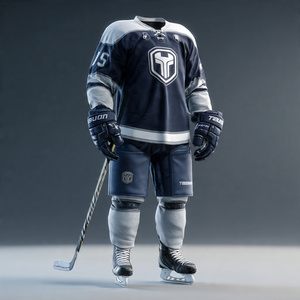 Maillot de hockey sur glace d'entraînement à manches longues, haut de hockey, uniformes de hockey sur glace par sublimation pour hommes et femmes - Product Image 1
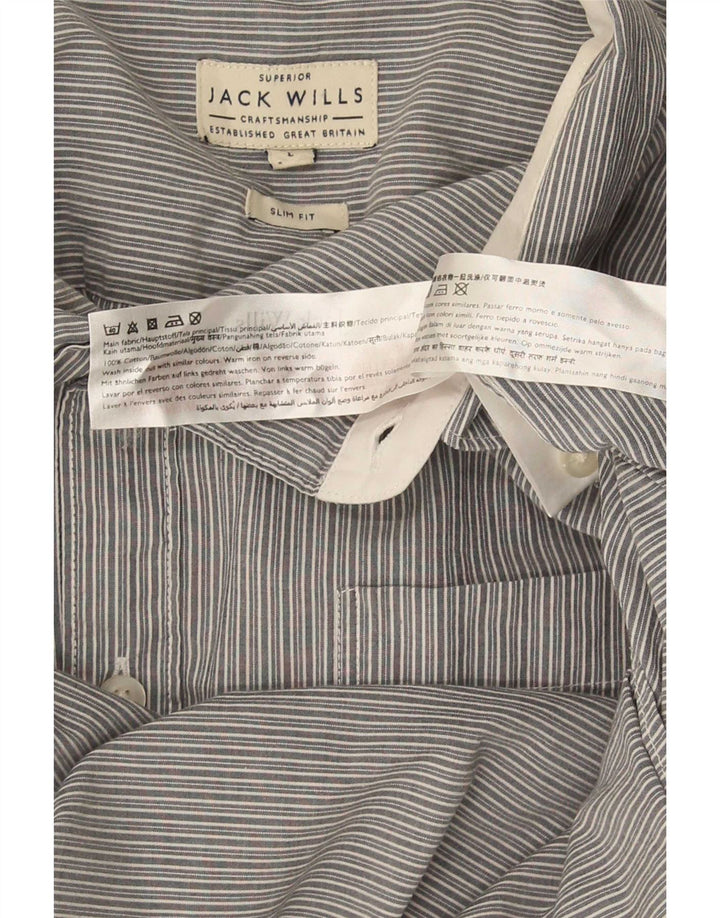 Jack Wills Mens Slim Fit Shirt Large Grey Pinstripe Cotton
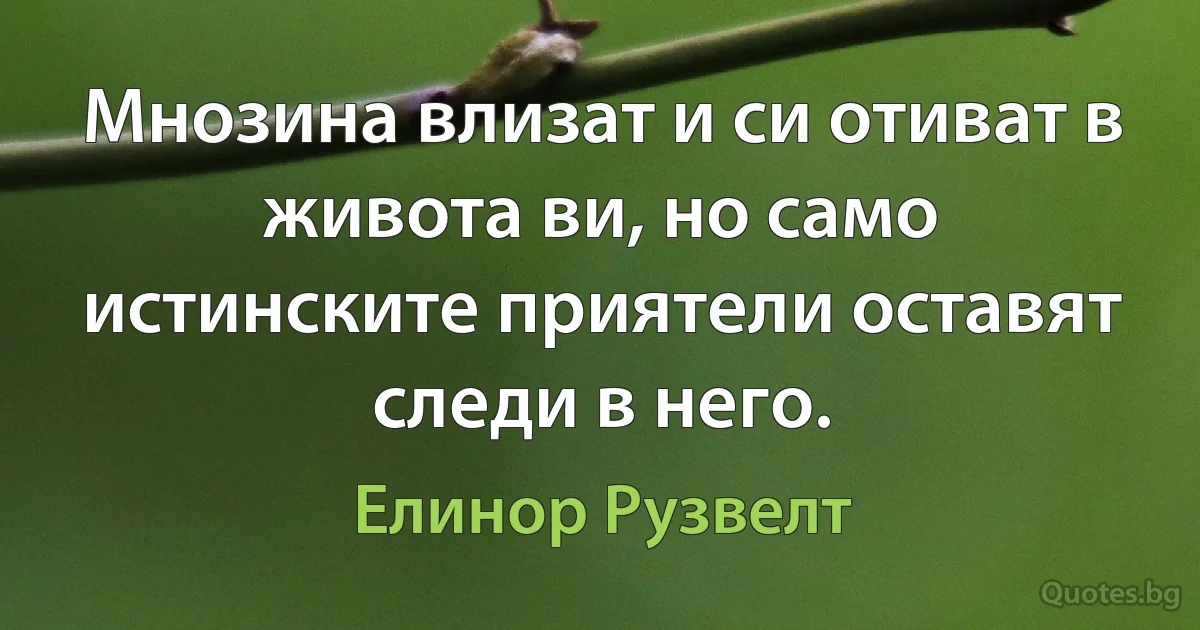 Мнозина влизат и си отиват в живота ви, но само истинските приятели оставят следи в него. (Елинор Рузвелт)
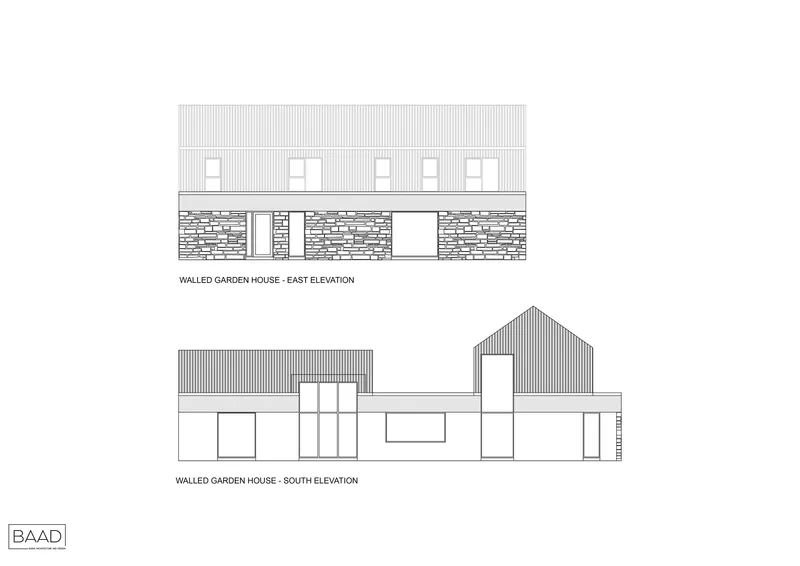 Elevation drawings showing east and south facades with stone base, vertical cladding, and pitched roof volumes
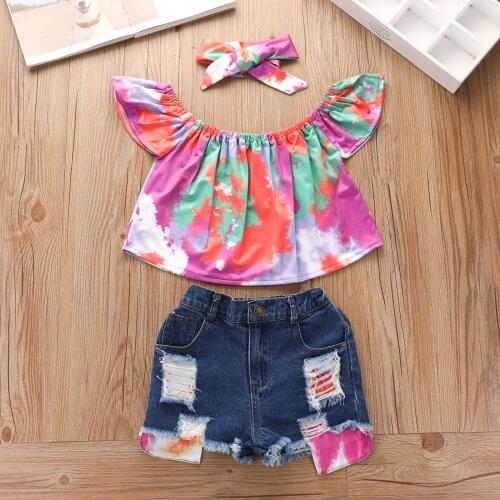Toddler Kids Girls Fashion 3pcs Outfit Clothes Set Tie-dye Tops+Ripped Denim Shorts+Headband Set Summer Children Clothings
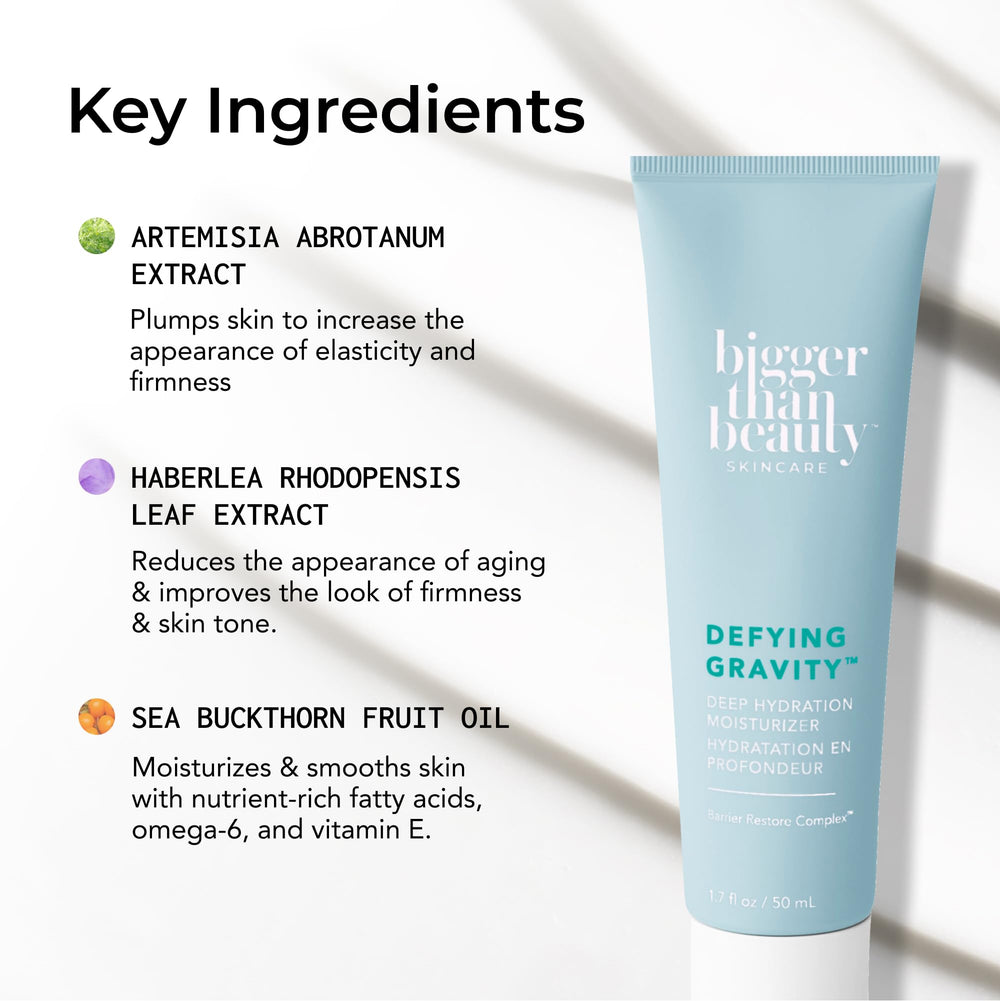 Bigger Than Beauty Defying Gravity biomimetic extracts support moisture balance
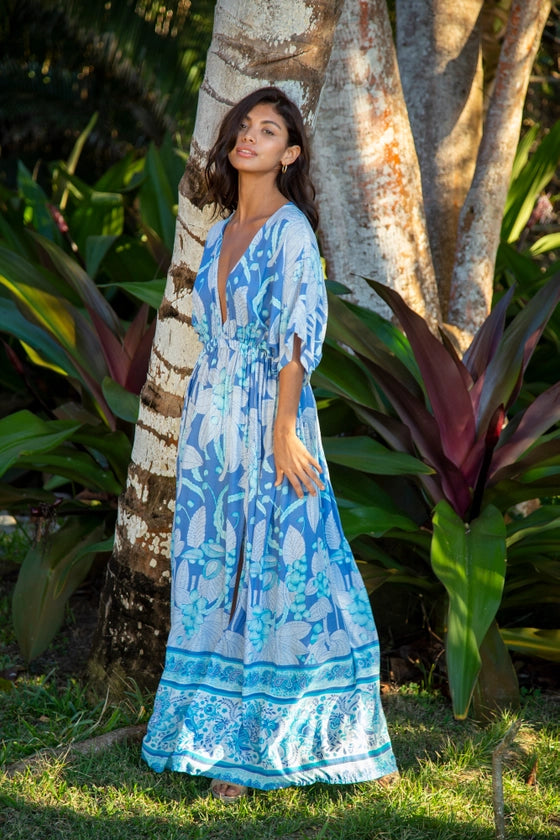 Summer Maxi Amy Kimono Dress in Bahamas Teal Rainbow, Beach Jennylyn Collection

# # # #

> **What is required**
Word for word, restate the lines above from the first through the one that contains "Мнозина влизат и", and exclude all pictures.

> **Your response**
 Maillot de hockey sur glace d'entraînement à manches longues, haut de hockey, uniformes de hockey sur glace par sublimation pour hommes et femmes - Product Image 1
 Jack Wills Mens Slim Fit Shirt Large Grey Pinstripe Cotton
 Мнозина влизат и си отиват в живота ви, но само истинските приятели оставят следи в него. (Елинор Рузвелт)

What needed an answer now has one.